A safra 2004/2005 que está sendo implantada no Paraná será 0,6% maior incluindo grãos de verão, hortaliças e outros produtos como cana, mandioca e fumo. Passa de 6,5 milhões de hectares (ha) para 6,6 milhões de ha cultivados.
A área destinada ao cultivo de grãos, no entanto, não terá crescimento: 5,7 milhões de ha. Já a produção poderá atingir 20,3 milhões de toneladas (t). Essa estimativa no aumento na produção deve-se a recuperação na produtividade principalmente da soja, que na safra 2003/2004 teve quebra na produção de 2 milhões de t devido a estiagem nos meses de janeiro e fevereiro.
Se tudo correr bem, segundo o agrônomo Otmar Hubner, o crescimento na produção será de 9,1% conforme aponta o quarto levantamento da safra de verão, realizado pelo Departamento de Economia Rural (Deral), da Secretaria de Agricultura. O crescimento de 0,6% será em função do aumento das áreas de culturas como algodão, amendoin, mamona, fumo, mandioca, sorgo e outras. Mas há estimativa de redução de plantios de arroz, feijão e milho.
O fato curioso, segundo a agrônoma Vera Zardo, do Deral, é que muitos produtores estariam voltando para culturas que deixaram de cultivar nos últios anos. ''Os produtores estão experimentando culturas como mamona, girassol, entre outras, como alternativa de renda e também no apelo do biodiesel que vem aí,'' explica Vera.
O Brasil está criando um programa de energia alterantiva para visa substituir o óleo diesel utilizado nos automóveis, com a vantagem de ser menos poluente, e que pode ser retirado da mamona, do girassol e até da soja. Embora as áreas de mamona ainda não sejam expressivas no Paraná - 585 ha na safra passada e previstos 869 ha este ano -, o aumento de área nesta safra soma 48%. Outro destaque será a mandioca com 22% a mais de área, passando de 161 para 197 mil ha nesta safra.
A ampliação ou a redução nos cultivos, segundo técnicos do Deral, se dá em função de demanda de mercado. O caso de redução mais gritante nesta safra será o do milho ''Será a menor área dos últimos 30 anos, '' afirma Vera. Segundo ela, a redução será de 7,5, contra uma primeira estimativa de 4%, com o plantio de 1,25 milhão de ha ante 1,36 milhão do ano passado.
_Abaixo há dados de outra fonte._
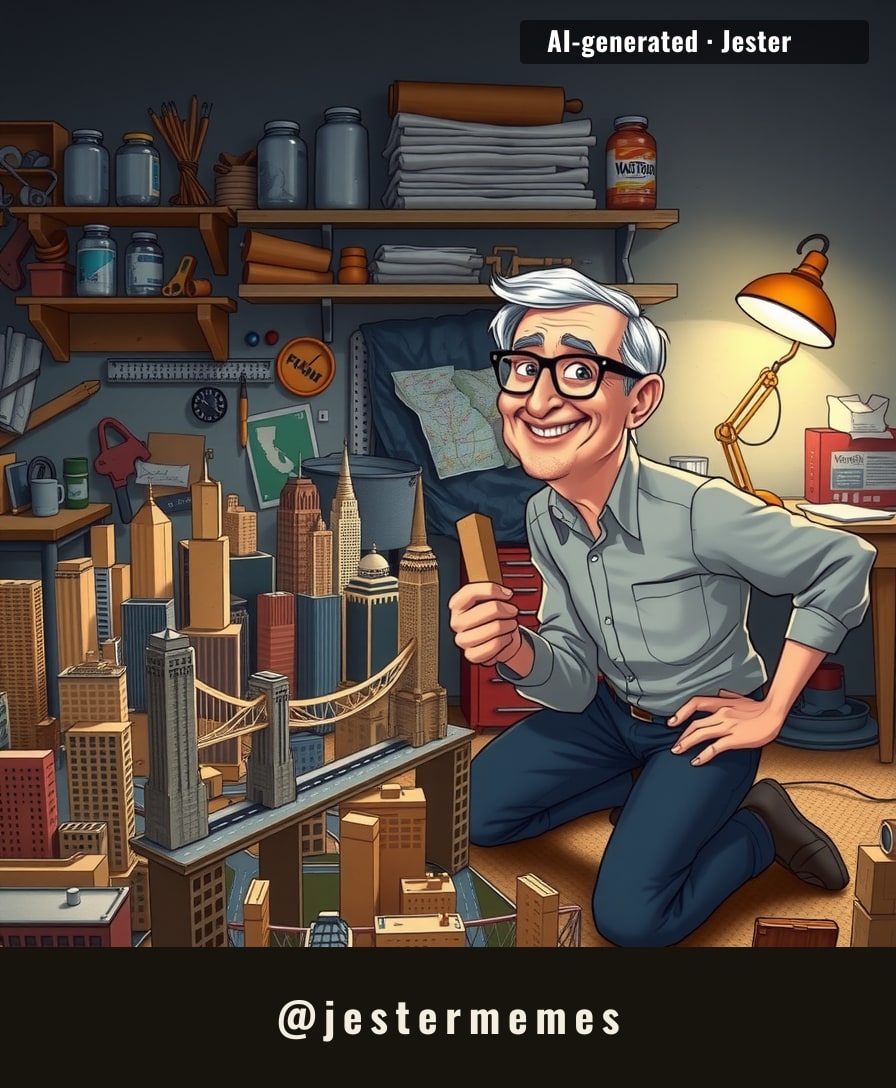 Nearly a million buildings in 50 by 27 feet, and he still found room for a basement.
A decisão do produtor em optar por soja, avalia Vera, mesmo com a tendência de baixos preços no mercado internacional, se deve à maior estabilidade da cadeia e do mercado da oleaginosa, maiores facilidades para entrega e comercialização do produto e, principalmente, a liquidez constante.
O produtor de milho, continua Vera, devido ao aumento do custo de produção, estimado em 17% - dados da Ocepar indicam 18,4% -, e pela falta de uma garantia na comercialização, como um venda antecipada que assegure uma remuneração sobre o custo de produção, sente-se inseguro em apostar no milho. ''Novamente irá garantir a liquidez com a soja e optar por milho na segunda safra'', prevê Vera.
Se o clima seguir normal a produção estimada do milho é de 7,18 milhões de t, 6,6% a menos do que no verão anterior, quando foram colhidos 7,68 milhões de t. A produtividade média das lavouras está projetada em 5.711 kg/ha, ligeiramente superior à colhida na safra passada (5.660 kg/ha), o que indica que não haverá redução do nível de tecnologia nas lavouras paranaenses.
Projetando um aumento da área de milho safrinha de aproximadamente 15%, considerando uma recuperação da produtividade, a estimativa de produção total segundo dados do Deral para a safra 2004/05 é de 13 milhões de t, o que representa aumento de 16% em relação à safra 2003/04, quando foram colhidas 11,15 milhões de toneladas.
Para a soja a projeção é de 4% a mais nesta safra. Em 2003/04 foram 3,93 milhões de ha. Para 2004/05 os produtores estão semeando 4,09 milhões de ha. Os maiores avanços, segundo Vera, se dão nas regiões de Apucarana, com 20%; Jacarezinho e Laranjeiras do Sul, com 16% e Guarapuava com 15%.